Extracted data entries

-=-=-=-=-

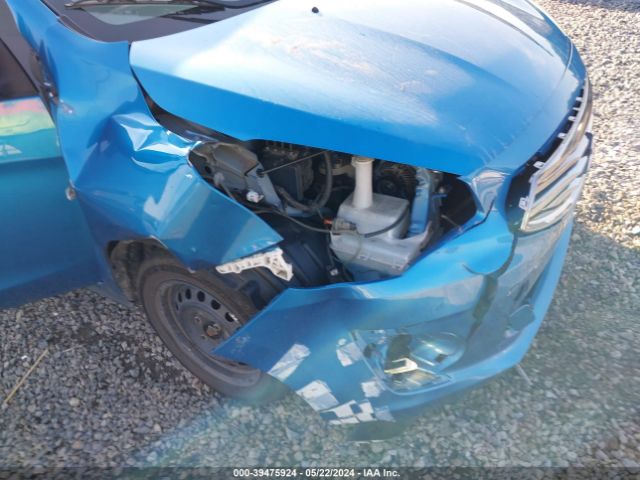 2019 MITSUBISHI MIRAGE G4 ML32F3FJ8KHF14195 Photo 5
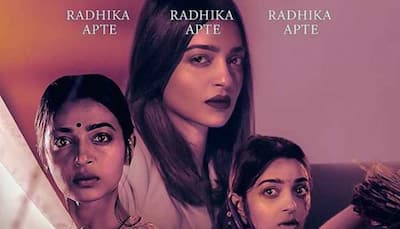 Netflix gives an 'apt' response to people trolling Radhika Apte for her omnipresence in every series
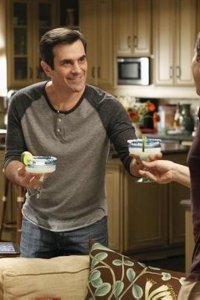 Modern Family – S04E08 – Mistery Date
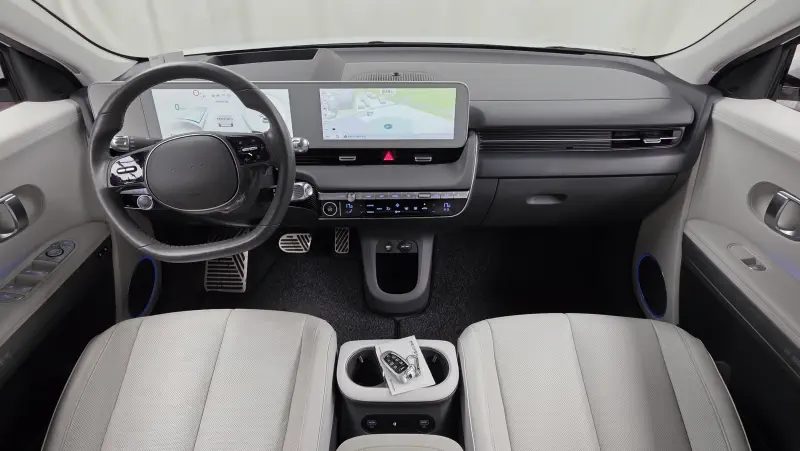 Hyundai Ioniq 5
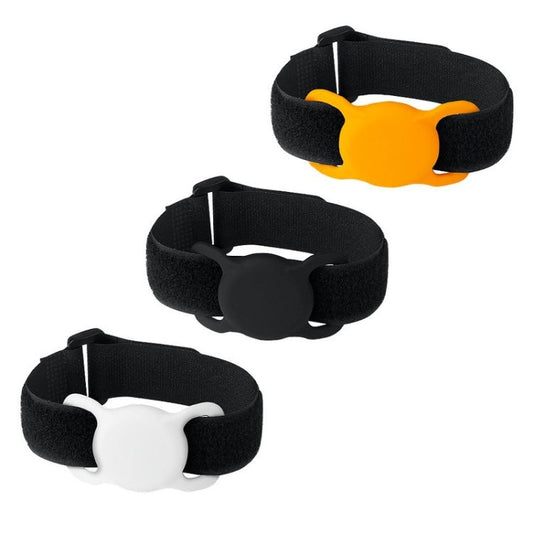 Soporte Para AitTag Locator fijo Dron Accesorios universales (Blanco) — imagen 2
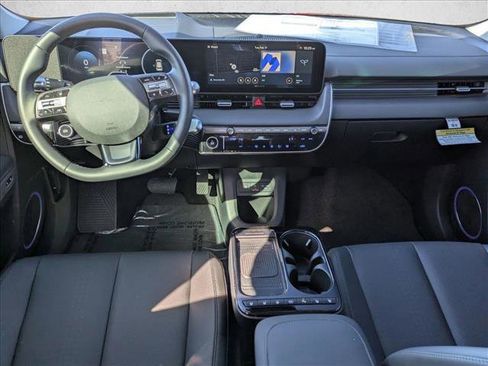 New 2026 Hyundai Ioniq 5 Limited image 14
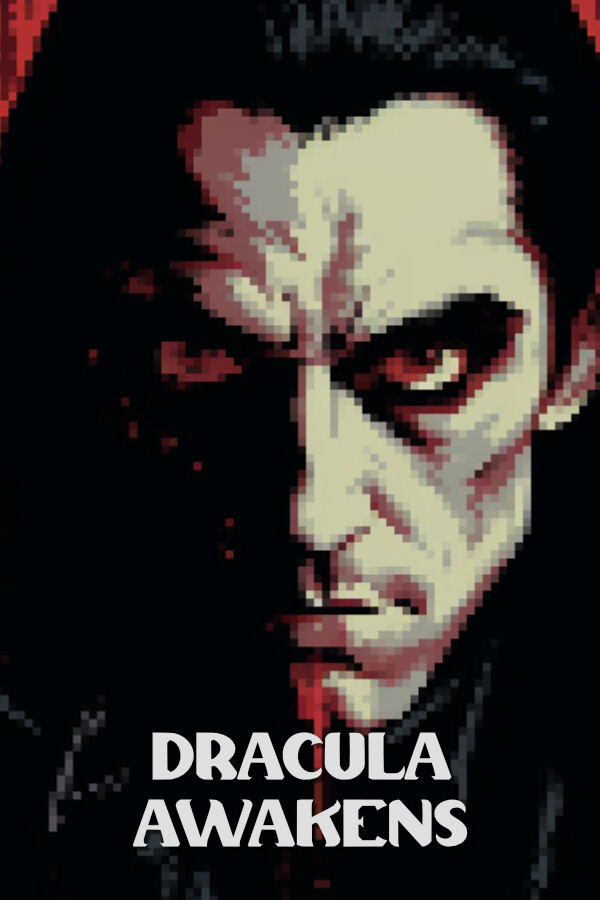 Dracula Awakens for steam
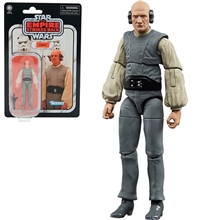 Star Wars - The Empire Strikes Back - Figurka Lobot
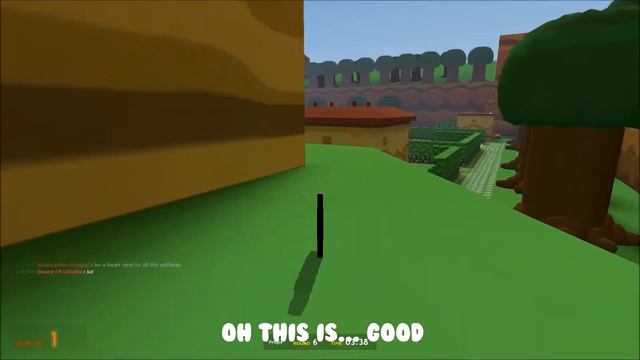 Garry's Mod Prop Hunt {Legend Of Zelda Map} смотреть онлайн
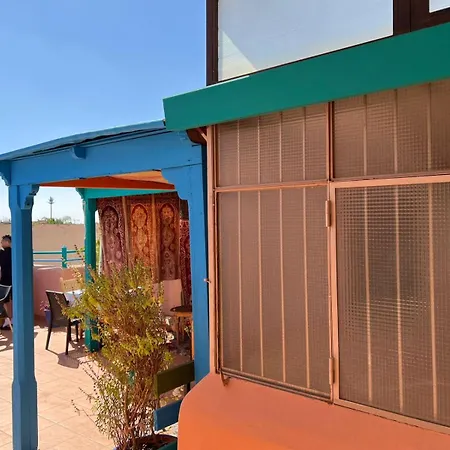 Riad Des Sables-3
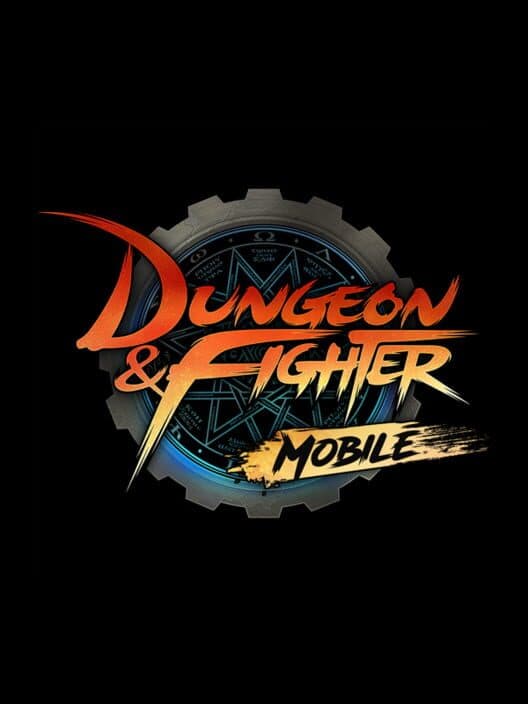 Dungeon & Fighter Mobile poster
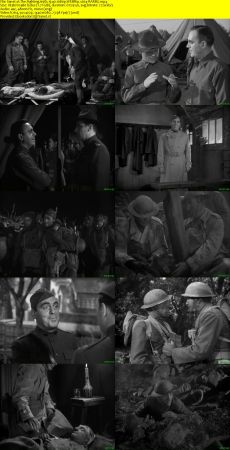 The Fighting 69th 1940 1080p WEBRip x264-RARBG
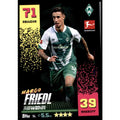 Topps Match Attax Bundesliga 2022/2023 - 94 - Marco Friedl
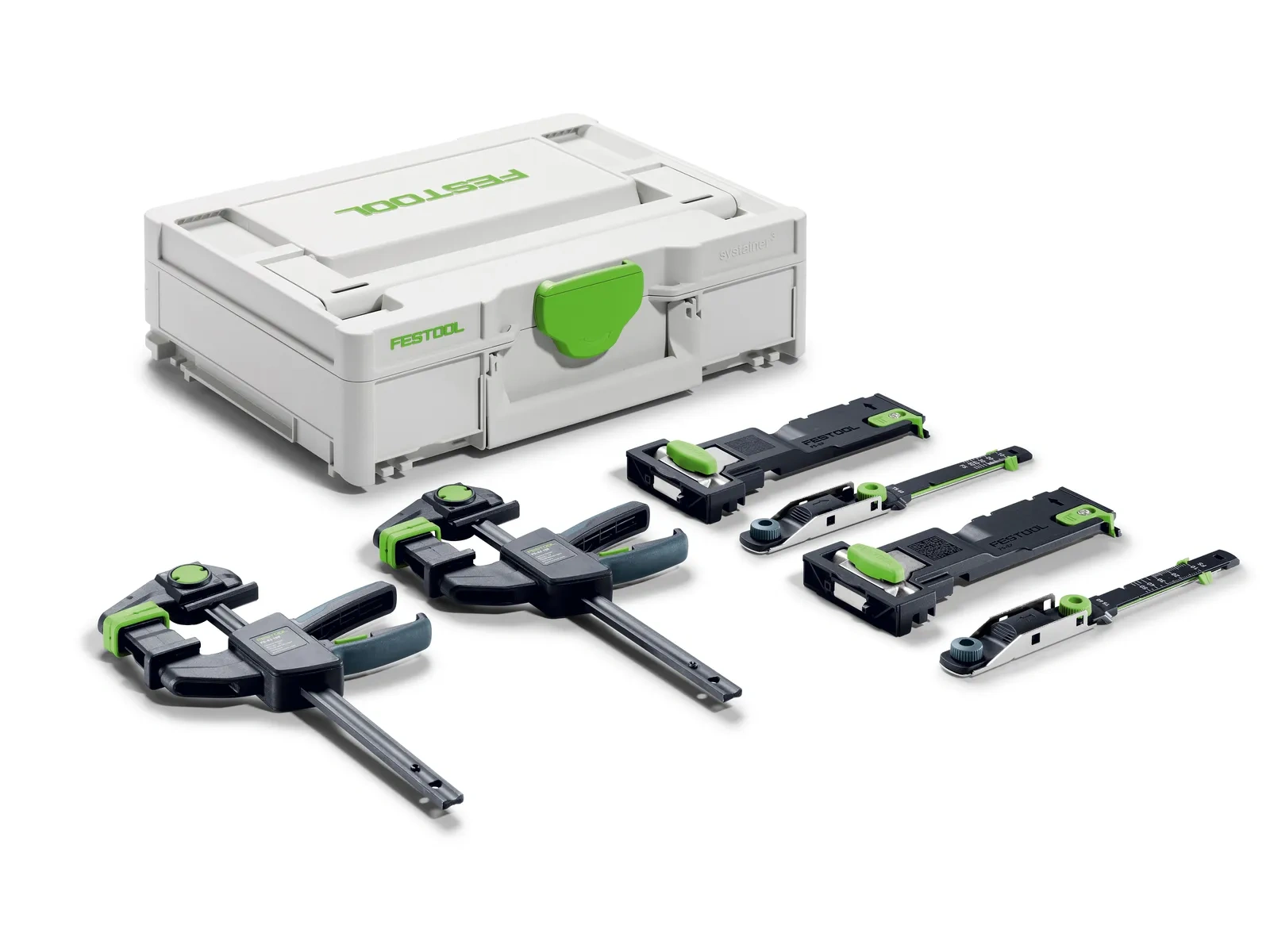 Zestaw wyposażenia Festool ZS FS-EP TS60 - obrazek 1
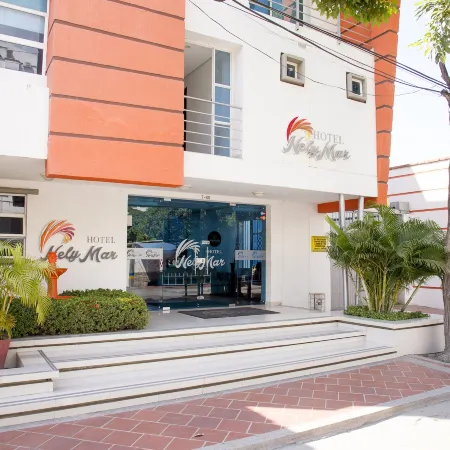 Hotel NelyMar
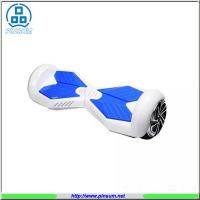 China Bluetooth Smart Mini Scooter Self Balancing Electric Unicycle Scooter two wheels factory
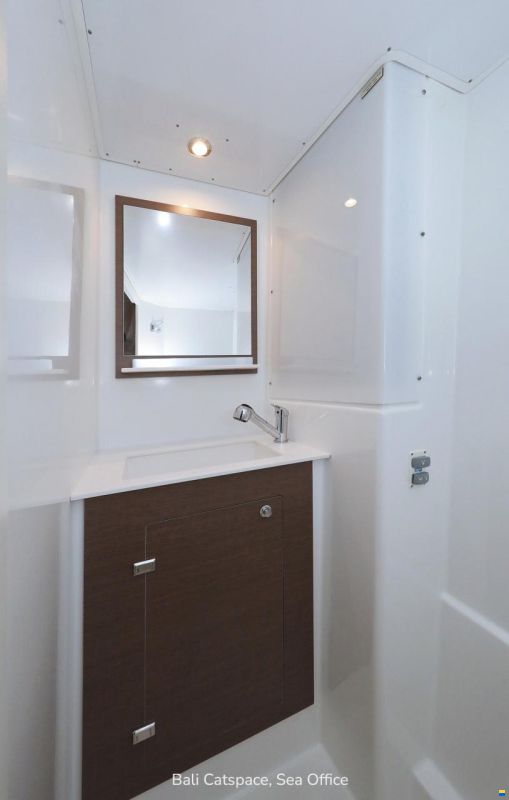 Catana Bali Catspace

-=-=-=-=-

§ **Activity**:
Reproduce the data above exactly, but only from the line containing "Dracula Awakens for steam" through the line containing "The Fighting 69th"; skip the pictures.

§ **Result**:
 Dracula Awakens for steam
 Star Wars - The Empire Strikes Back - Figurka Lobot
 Garry's Mod Prop Hunt {Legend Of Zelda Map} смотреть онлайн
 Riad Des Sables-3
 Dungeon & Fighter Mobile poster
 The Fighting 69th 1940 1080p WEBRip x264-RARBG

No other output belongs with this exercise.